Upgrade GraphLab Create

If you are using GraphLab Create and already have it installed (e.g., from the first course), please make sure you upgrade to the latest version! The simplest way to do this is to:

  1. Open the GraphLab Launcher.

  2. Click on 'TERMINAL'.

  3. On the terminal window, type:

pip install --upgrade graphlab-create

Resources

These are some good resources you can explore, if you are using the recommended software tools:

Installing the recommended software tools

If you choose to use the recommended tools, you have two options: downloading and installing the required software or using a prepackaged version on a free instance on Amazon EC2.

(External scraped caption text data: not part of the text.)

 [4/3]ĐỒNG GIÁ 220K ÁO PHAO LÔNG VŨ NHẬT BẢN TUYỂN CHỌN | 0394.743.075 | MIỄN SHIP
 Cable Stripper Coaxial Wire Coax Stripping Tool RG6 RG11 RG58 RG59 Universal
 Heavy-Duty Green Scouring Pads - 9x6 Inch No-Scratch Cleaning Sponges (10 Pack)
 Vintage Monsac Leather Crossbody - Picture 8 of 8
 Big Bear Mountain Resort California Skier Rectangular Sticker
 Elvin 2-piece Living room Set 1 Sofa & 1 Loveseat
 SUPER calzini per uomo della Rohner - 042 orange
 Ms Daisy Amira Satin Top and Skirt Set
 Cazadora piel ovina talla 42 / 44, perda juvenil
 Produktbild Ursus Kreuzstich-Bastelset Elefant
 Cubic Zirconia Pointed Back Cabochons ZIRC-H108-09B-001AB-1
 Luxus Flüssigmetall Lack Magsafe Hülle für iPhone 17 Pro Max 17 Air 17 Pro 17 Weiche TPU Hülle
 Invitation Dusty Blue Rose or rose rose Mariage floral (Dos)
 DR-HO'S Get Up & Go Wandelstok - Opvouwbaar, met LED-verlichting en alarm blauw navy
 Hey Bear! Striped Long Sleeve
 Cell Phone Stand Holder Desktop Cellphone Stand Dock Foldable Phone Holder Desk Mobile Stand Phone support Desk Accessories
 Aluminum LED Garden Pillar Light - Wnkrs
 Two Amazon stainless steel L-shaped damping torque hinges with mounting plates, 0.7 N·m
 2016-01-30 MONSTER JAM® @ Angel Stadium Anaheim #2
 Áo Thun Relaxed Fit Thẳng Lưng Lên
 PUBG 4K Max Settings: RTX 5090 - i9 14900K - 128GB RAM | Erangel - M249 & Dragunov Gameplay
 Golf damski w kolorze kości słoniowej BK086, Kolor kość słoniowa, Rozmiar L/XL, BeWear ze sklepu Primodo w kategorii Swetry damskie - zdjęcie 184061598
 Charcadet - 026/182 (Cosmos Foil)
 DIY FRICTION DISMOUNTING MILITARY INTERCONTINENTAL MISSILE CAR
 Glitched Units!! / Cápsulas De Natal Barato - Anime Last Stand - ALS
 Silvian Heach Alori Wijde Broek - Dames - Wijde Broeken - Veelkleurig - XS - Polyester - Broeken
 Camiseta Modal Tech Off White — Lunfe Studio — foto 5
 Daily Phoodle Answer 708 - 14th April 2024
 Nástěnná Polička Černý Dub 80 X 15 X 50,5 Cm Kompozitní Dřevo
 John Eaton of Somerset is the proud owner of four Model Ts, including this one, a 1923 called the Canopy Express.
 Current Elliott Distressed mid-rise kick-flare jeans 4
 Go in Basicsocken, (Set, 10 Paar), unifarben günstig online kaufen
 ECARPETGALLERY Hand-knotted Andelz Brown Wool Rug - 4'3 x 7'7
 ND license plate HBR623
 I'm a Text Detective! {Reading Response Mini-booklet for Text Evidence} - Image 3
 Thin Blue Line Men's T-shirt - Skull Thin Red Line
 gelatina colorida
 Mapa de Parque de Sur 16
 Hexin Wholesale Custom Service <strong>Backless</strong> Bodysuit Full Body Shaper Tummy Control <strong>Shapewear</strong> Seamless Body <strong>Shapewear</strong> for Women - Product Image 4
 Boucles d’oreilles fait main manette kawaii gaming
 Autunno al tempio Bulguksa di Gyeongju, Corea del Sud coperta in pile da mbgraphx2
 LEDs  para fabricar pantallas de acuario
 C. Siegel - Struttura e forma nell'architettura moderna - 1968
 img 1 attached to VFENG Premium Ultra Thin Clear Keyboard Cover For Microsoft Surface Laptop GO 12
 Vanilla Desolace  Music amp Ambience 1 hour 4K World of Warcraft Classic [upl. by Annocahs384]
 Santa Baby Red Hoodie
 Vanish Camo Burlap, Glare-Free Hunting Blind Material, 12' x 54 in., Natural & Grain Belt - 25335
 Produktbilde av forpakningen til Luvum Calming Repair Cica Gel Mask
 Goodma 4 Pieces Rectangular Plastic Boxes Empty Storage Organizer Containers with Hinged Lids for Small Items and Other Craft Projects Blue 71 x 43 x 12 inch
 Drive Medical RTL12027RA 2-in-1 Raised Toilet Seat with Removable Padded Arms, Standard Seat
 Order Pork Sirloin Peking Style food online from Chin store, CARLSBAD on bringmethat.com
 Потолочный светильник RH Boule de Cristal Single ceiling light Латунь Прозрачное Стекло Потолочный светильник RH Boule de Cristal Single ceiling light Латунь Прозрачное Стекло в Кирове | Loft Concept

Option 1: Downloading and installing all software on your own machine

Download and install Python, IPython Notebook, Numpy, SFrame and GraphLab Create. You can find the instructions here .

Option 2: Using a free Amazon EC2 with all the software pre-installed

If you do not have a 64-bit computer, you will not be able to run GraphLab Create. Additionally, some of you may want a simple experience where you don't have to download the course content and install everything locally. Here, we'll address these situations!

Amazon EC2 offers free cloud computing hours with what they call micro instances. These instances are all we need to do the work for this course. We have created an image for one such instance that is easy to launch and contains all the course content. This will allow you to run everything you need for this course in the cloud for free, without having to install anything locally. (You do need to create an Amazon EC2 account and have internet access.)

You can find step-by-step instructions here:

https://turi.com/download/install-graphlab-create-aws-coursera.html

We note that installing all the software on your own local machine may be the right option for most people; especially since you can run locally everything without needing to be online to do the homeworks. But, the option using Amazon EC2 should be a great alternative.

Github repository with starter code

In each module of the course, we have a reading with the assignments for that module as well as some starter code. For those interested, the starter code and demos used in this course are also available in a public Github repository:

https://github.com/learnml/machine-learning-specialization

Using other software packages

We strongly encourage you to use the recommended software packages for this course, since they will allow you to learn the fundamental concepts more quickly. However, you are welcome to use others. Here are a few notes if you do so.

Installing other software tools

In the instructions above, you will be using the Graphlab Launcher, which will automatically install Python, IPython Notebook, Numpy, Matplotlib, SFrame and GraphLab Create. If you don’t use the Graphlab Launcher, you will need to install each of these tools separately, by following the pages linked above. Anaconda is a good tool to help simplify some of this installation.

If you are using SFrame, but not GraphLab Create

GraphLab Create uses SFrame under the hood, but you can use just SFrame for most assignments. If you choose to do so, in the starter code for the assignments, you should change the line

import graphlab

import sframe

import sframe

and everything should work with just some small modifications, e.g., the calls:

graphlab.SFrame(...)

will become

sframe.SFrame(...)

If you are using other software tools out there

You are welcome to use other packages, e.g., scikit-learn instead of GraphLab Create, or Pandas instead of SFrame, or even R instead of Python. If you choose to use all these different packages, we will provide the datasets (in standard CSV format) and the assignment questions will not depend specifically on the recommended tools.